Writing syllabi is like casting on in knitting, and assigning course grades is like casting off.

First of all, each process is a little tricky—I’d say that casting on and casting off are just slightly more difficult than just knitting along. To an even greater degree, writing a syllabus and computing course grades are just plain hard work.

Secondly, they’re important. A poor cast-on will make an edge that is either too tight and inflexible or else too loose and sloppy, and start your project off on the wrong foot—eerily similar to how your syllabus will determine whether your semester glides along smoothly.

A bad cast-off can ruin an otherwise acceptable garment. But you can always unpick a bad cast-off and try again. Grading is like casting off with a hard deadline.

Lastly, you just don’t cast on or off, or write syllabi or assign final grades as often as you do other stuff.

With most knitting skills, like increasing and decreasing, cabling, short rows, etc. you might start out a garment feeling like a clueless novice, but by the time you are finish, you’ve practiced them over and over again and you get pretty good at them. But I always feel like a beginner every time I have to cast on and cast off, because I do it rarely enough that the skills are never really deeply ingrained.

Similarly, I seem to make “rookie” mistakes every time I write a syllabus, leaving off important information, overwhelming the reader with too much detail in one area and being too vague in others.

Creating assignments and writing exams is hard, but you do that several times a semester. Grading problem sets and exams and essays is also hard, but, you get lots of practice at that, too. Writing and delivering lectures, designing and supervising activities, and the other day-to-day management of a class becomes second nature long before the end of the semester.

But calculating the final grade requires unfamiliar tools and techniques, and it is easy to forget that the fact that you just don’t do it very frequently makes it harder and ramps up the anxiety level.

And of course, unlike knitting, grades affect whether students make the Dean’s list, get on or off academic probation, keep or lose their scholarships—and, since it’s spring, GRADUATE. It’s really no wonder that the whole process is so stressful.
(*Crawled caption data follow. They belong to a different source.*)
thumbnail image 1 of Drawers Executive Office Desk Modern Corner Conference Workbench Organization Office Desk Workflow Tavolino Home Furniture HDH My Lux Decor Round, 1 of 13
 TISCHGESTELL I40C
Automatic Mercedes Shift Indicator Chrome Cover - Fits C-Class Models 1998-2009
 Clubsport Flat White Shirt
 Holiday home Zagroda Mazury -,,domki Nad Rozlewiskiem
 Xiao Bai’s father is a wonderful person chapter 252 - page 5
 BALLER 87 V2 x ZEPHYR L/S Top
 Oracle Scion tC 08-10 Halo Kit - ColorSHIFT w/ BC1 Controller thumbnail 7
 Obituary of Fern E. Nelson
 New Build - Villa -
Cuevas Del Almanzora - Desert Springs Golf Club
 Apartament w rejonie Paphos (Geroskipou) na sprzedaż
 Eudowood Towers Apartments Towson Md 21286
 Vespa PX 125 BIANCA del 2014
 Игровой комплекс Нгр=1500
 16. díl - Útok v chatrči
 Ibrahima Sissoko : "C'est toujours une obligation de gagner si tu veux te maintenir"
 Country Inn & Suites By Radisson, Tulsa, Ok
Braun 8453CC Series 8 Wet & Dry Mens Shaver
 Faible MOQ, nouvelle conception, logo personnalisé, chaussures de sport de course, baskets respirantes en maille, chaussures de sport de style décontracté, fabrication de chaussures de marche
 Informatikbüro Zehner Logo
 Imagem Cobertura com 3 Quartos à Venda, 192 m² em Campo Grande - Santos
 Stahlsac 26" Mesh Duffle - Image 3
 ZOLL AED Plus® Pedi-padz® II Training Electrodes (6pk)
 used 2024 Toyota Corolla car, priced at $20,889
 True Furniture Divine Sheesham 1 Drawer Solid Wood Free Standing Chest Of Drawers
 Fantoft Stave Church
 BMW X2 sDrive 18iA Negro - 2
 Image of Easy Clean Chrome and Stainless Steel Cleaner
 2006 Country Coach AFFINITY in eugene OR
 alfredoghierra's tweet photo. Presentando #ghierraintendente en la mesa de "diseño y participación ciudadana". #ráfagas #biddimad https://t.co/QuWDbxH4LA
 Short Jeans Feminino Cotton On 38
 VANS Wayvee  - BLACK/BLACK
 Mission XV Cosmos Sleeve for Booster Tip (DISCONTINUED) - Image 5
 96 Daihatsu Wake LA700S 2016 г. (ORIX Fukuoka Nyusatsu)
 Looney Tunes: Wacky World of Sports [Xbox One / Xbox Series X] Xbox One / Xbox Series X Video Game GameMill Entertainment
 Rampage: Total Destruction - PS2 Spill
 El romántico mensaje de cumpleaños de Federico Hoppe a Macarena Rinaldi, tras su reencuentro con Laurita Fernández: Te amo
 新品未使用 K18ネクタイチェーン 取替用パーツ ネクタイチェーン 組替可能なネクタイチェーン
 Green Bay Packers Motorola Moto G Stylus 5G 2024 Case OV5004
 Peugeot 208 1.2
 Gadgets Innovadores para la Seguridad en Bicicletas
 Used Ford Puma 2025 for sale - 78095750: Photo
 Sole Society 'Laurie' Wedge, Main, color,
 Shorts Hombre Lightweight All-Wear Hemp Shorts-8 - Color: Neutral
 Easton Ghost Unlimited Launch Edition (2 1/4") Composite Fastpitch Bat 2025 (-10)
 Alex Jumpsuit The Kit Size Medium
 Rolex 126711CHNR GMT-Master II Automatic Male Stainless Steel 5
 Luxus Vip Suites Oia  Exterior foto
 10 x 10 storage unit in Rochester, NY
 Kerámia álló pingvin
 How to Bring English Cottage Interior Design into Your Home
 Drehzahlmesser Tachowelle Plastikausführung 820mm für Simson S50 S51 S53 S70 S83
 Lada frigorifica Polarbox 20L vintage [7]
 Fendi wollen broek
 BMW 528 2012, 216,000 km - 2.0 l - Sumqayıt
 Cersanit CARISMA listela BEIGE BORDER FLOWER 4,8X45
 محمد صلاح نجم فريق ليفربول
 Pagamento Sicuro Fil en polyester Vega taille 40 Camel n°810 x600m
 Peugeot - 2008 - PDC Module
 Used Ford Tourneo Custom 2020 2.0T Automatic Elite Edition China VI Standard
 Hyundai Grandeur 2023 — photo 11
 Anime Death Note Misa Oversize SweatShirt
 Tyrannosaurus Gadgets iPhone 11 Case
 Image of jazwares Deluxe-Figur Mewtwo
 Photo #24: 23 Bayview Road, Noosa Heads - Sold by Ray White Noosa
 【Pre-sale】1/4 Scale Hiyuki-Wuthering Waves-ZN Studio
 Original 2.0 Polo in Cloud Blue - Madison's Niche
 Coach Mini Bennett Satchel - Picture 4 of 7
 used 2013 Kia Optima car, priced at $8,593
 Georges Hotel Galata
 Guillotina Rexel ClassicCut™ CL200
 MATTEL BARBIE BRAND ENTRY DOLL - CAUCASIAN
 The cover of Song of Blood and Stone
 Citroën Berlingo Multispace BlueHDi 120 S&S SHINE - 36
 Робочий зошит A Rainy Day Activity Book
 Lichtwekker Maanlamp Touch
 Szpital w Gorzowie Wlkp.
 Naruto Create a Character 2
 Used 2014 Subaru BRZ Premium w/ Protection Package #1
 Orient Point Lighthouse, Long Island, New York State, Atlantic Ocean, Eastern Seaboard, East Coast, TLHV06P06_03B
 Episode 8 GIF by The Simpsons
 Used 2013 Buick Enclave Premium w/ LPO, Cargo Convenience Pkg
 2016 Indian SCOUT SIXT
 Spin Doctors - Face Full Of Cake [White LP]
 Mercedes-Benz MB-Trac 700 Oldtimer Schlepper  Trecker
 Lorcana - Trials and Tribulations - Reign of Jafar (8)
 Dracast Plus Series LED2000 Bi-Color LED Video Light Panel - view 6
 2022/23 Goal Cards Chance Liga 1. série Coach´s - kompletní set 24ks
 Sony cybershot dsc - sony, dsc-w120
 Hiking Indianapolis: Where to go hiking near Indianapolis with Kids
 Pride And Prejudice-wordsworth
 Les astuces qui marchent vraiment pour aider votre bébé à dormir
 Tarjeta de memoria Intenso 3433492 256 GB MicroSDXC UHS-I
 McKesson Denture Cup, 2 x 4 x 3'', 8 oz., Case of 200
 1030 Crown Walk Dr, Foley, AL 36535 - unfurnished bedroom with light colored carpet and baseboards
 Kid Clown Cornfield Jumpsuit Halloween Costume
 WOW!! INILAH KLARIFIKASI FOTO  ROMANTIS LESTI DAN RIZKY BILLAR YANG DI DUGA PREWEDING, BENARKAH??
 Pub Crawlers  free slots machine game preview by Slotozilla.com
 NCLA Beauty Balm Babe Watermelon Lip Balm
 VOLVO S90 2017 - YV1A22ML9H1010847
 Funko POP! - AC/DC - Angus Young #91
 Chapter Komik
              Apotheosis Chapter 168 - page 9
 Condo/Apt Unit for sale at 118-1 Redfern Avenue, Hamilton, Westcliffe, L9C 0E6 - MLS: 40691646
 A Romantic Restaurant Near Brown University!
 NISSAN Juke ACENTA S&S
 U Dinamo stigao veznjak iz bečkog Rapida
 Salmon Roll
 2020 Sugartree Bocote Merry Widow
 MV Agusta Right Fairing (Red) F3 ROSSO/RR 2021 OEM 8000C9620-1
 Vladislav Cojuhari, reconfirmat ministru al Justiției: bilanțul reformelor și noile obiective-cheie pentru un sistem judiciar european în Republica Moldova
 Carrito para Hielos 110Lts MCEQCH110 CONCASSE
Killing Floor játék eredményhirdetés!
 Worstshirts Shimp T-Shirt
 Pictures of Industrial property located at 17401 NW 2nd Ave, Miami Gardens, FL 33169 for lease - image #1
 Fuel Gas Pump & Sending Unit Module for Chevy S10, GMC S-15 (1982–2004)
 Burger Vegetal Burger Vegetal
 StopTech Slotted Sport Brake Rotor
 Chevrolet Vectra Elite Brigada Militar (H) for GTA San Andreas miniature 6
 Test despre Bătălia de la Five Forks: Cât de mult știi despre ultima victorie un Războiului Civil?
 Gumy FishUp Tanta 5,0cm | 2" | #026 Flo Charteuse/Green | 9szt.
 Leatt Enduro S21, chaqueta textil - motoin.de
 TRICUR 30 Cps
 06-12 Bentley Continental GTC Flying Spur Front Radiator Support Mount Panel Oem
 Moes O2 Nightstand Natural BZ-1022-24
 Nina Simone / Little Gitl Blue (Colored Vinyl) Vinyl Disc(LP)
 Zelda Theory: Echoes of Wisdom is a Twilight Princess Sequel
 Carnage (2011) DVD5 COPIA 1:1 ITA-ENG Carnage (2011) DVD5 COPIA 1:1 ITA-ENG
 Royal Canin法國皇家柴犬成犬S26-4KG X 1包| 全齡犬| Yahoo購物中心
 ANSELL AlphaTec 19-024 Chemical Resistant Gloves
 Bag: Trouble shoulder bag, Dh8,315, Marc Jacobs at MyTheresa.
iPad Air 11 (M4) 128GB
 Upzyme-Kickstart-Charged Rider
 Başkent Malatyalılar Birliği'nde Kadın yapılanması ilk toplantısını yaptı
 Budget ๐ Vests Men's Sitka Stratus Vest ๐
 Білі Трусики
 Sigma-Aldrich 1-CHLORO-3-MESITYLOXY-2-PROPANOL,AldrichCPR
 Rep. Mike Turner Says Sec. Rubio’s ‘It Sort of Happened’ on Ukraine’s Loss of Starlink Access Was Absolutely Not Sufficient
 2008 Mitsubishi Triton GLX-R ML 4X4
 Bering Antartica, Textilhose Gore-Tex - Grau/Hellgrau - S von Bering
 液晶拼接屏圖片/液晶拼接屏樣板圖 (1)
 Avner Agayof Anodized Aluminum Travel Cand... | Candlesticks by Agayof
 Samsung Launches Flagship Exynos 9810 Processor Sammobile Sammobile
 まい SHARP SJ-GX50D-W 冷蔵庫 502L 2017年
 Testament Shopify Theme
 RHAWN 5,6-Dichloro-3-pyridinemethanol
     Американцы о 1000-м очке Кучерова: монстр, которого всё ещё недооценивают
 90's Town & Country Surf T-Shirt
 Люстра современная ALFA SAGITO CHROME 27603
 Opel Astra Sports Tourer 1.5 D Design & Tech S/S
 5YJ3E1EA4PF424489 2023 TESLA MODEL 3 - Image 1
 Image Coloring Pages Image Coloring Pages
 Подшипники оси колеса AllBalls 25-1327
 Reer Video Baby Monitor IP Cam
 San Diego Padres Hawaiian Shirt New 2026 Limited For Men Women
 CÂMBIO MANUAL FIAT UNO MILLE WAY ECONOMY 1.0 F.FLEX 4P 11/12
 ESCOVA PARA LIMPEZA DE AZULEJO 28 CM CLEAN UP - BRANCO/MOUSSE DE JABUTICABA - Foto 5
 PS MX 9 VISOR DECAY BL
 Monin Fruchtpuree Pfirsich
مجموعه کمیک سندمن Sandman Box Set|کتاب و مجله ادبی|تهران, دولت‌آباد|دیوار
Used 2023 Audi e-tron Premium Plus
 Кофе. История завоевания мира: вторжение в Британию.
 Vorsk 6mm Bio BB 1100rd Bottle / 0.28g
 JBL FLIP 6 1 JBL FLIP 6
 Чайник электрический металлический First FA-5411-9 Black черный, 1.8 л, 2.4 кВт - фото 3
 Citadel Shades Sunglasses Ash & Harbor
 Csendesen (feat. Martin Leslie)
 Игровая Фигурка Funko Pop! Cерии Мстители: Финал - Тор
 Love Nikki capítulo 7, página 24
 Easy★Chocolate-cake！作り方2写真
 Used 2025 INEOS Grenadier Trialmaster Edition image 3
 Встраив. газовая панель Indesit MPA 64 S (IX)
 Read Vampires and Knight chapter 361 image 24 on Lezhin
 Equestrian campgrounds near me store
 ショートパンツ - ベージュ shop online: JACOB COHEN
But now I’m done with it, for this semester. I wish that meant that I can just kick back and relax, but I get so stressed out over grades that I feel about two weeks of solid anxiety after the semester ends and I am incapable of just enjoying the fact that I don’t have any deadlines breathing down my neck. There’s not much to do about it but try to put that nervous energy to work on some of the summer projects I’ve been looking forward to.